───── GIVEN RECORDS ─────

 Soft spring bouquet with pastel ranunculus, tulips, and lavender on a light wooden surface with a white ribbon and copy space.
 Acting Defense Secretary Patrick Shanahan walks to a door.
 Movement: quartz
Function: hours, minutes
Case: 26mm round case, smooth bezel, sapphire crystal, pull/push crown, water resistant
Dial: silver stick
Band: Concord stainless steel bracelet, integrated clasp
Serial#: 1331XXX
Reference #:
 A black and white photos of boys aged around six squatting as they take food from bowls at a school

─────
───── GIVEN RECORDS ─────

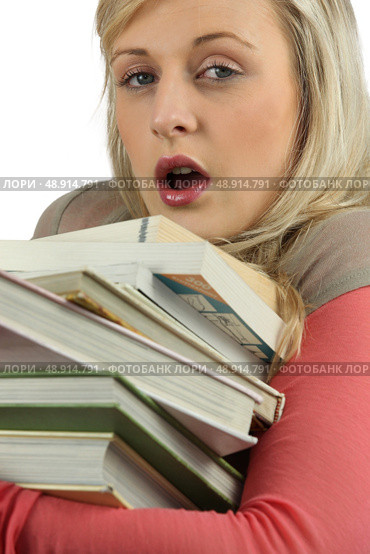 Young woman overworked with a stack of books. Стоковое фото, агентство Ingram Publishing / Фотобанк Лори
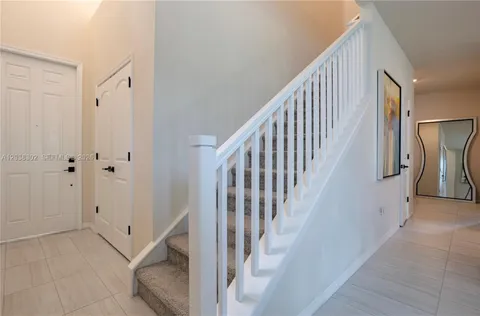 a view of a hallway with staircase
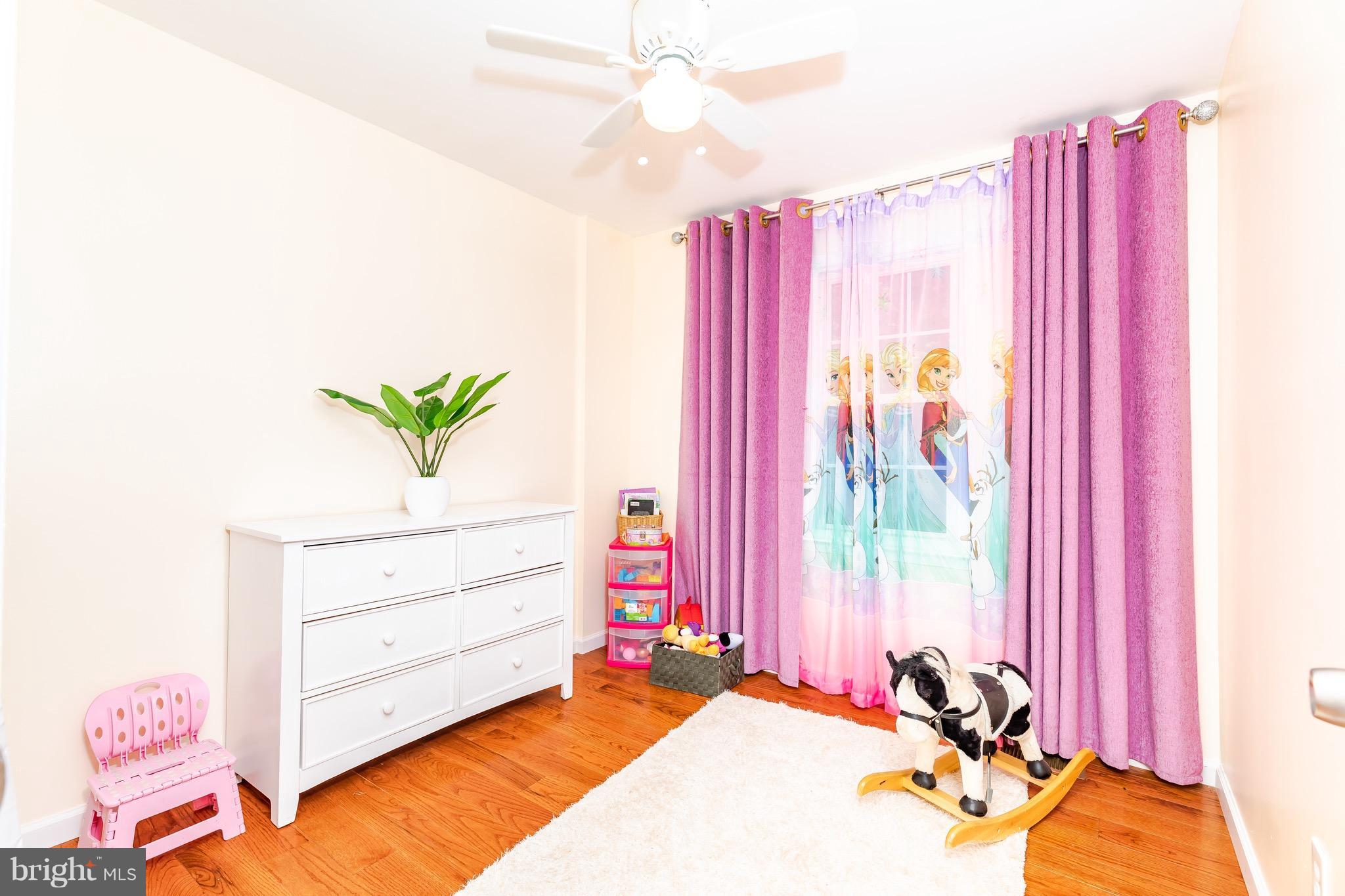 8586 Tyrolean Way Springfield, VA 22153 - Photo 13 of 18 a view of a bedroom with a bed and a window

─────

EXERCISE REQUIREMENTS:
From the records above, repeat exactly the lines from the one with "Function: hours, minutes" through the one with "A black and", both included.

FINAL ANSWER:
Function: hours, minutes
Case: 26mm round case, smooth bezel, sapphire crystal, pull/push crown, water resistant
Dial: silver stick
Band: Concord stainless steel bracelet, integrated clasp
Serial#: 1331XXX
Reference #:
 A black and white photos of boys aged around six squatting as they take food from bowls at a school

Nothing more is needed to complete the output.